3.1 Pharmaceuticals and Health
As
the Majority Report suggests, the PBS is integral to Australia's health care system, is core social policy and
should never have been included in any debate or negotiations on trade.
Furthermore,
the report acknowledges that the Government misled Australians, saying the PBS
system would not be traded away in the FTA negotiations, it was not 'on the
table' and that US negotiators were 'in no way going after the PBS'.
Once
it became clear that the PBS was indeed on the table, the Government downplayed
its importance, in contrast to the enthusiasm shown by US negotiator, Bob
Zoellick who said in his response to US Congress questions, that it was a
'breakthrough' for US pharmaceutical interests.
The
Democrats therefore find it extraordinary and regrettable that the report
should merely find it 'unfortunate' that the government included the PBS in the
FTA and conclude that;
"? now this has occurred, our task is to examine
closely the relevant provisions and assess the possible impact and implication
for the PBS into the future."
The
Democrats strongly disagree that the Senate should simply assess the impact for
the PBS sometime in the future. We consider that, based on the evidence,
it is entirely appropriate for the Senate to reject the PBS provisions in the
FTA and implementing legislation.
The
PBS can and will be impacted by the FTA. The Majority Report sets out the
proposed changes in some detail and presents evidence
that the FTA will be detrimental to the PBS. The Democrats accept that
medicine prices will not automatically rise under this Agreement, but there is
ample evidence that this is highly probable. It would therefore be irresponsible
to support the Agreement and hope that these negative results will not
occur, as the Majority Report recommends.
Background
Australia's PBS has been attacked consistently by US pharmaceutical companies and their Australian
subsidiaries, because it delivers some of the lowest patented drug prices in
the developed world- according to the Productivity Commission, three to four
times lower than those in the US. It does this through pharmacoeconomic analysis
and reference pricing that determines the benefits of new drugs and its
national bargaining power. It is not surprising therefore that the
pharmaceutical industry, both here and in the US, has been calling for changes to the FTA that would
strengthen the capacity of the industry to increase those prices.
However,
the pharmacy sector is already the most profitable and influential industry in
the US and has been for the past 10 years. In the
fiscal year 2003-2004 it has been reported that the industry spent US$150
million to influence public policy. There are 675 pharmaceutical
lobbyists in Washington alone.

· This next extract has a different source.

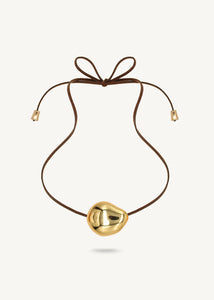 JASMINE SUEDE Necklace Gold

In the 1999/2000 US election cycle the pharmaceutical industry spent $20
million on campaigns contributions of which $15 million was provided to the
Republican Party.[660]
In
October 2003 it was reported that President Bush told our Prime Minister that raising Australian
prices for US pharmaceuticals was important to ensuring that consumers in all
countries, not just the US, paid for high research and development costs.[661]
Is research
& development cost really the issue?
The
US Administration has argued that Australia has not borne its share of the research and
development costs of new medicines, making US consumers pay the bill.
However, over the last few years, the Australian Department of Industry,
Tourism & Resources has provided $300 million in grants for pharmaceutical
manufacturers undertaking research and development in Australia and from
2004/05 to 2009/10 a further $150 million. In any case, US pharmaceutical companies spend 2 to 3 times more on
marketing, administration and lobbying than they do on R&D and their
profits are twice the cost of their R&D expenditure.[662]
The
Australian Productivity Commission established that the largest price
differences between Australia and the US are for aggressively marketed new drugs involving
small molecular variations and minor additional patient benefit- the so-called
'me-too' drugs - and that PBS prices for new drugs providing genuine benefit
are much closer to the US
prices.
Principles of
equity and affordability missing
As
has been pointed out by Dr
Ken Harvey and others, the FTA emphasises the need to reward
manufacturers of "innovative" new pharmaceuticals in Annex 2-C but
does not include any principles on the need of consumers for equitable and
affordable access to necessary medicines (the first principle of our National
Medicines Policy).[663]
It
also leaves out the hard won principle of the Doha Declaration on the Trade
Related Intellectual Property Rights (TRIPS) Agreement in Public Health,
viz:
"Trade agreements should be interpreted and
implemented to protect public health and promote universal access to
medicines."
The
dispute resolution process will rely on the principles in the FTA when
determining Australia's compliance with its obligations. Therefore
the rights of the drug company will be favoured over the rights of Australians
to access drugs under the Agreement.
Again,
the Majority Report acknowledges this issue but does not suggest a
remedy. If the FTA is to include any reference to any element of Australia's health system, a position strongly rejected by the
Democrats, then there should be an overriding provision that places public
health concerns, including the right to affordable medicines, as the
fundamental principle of all decisions, over and above the rights of
pharmaceutical companies.
Review Process
The
establishment of a review process in cases where decisions are made to not list
a drug is also an area of substantial concern. While the FTA does not specify
that the review process is to be binding, it provides yet another opportunity
for the pharmaceutical industry to have input into, and bring pressure on, the
operations of the PBS.
A
consultation paper has been released on the proposed workings of this review
process, but decisions regarding its final operation will be completed
subsequent to the consideration of the FTA legislation and the paper suggests
that the review will be conducted in secret. While the DoHA have argued that the proposed review process cannot
overturn PBAC decisions, it begs the question; what is the point of the
review? It is noteworthy that Medicines Australia, an industry body, has
applauded the introduction of an 'appeals mechanism'.
Transparency
The
pharmaceutical industry has made much of the need for greater transparency
within the PBS process. However, as many commentators have noted,
the 'commercial-in-confidence' rights of pharmaceutical companies are
guaranteed within the FTA, yet the public are denied access to drug company
data, despite evidence that drug companies withhold information that could
impact on decisions about the use of drugs.
This
is yet another example of the rights of pharmaceutical companies being
prioritised over and above that of the health of the Australian public.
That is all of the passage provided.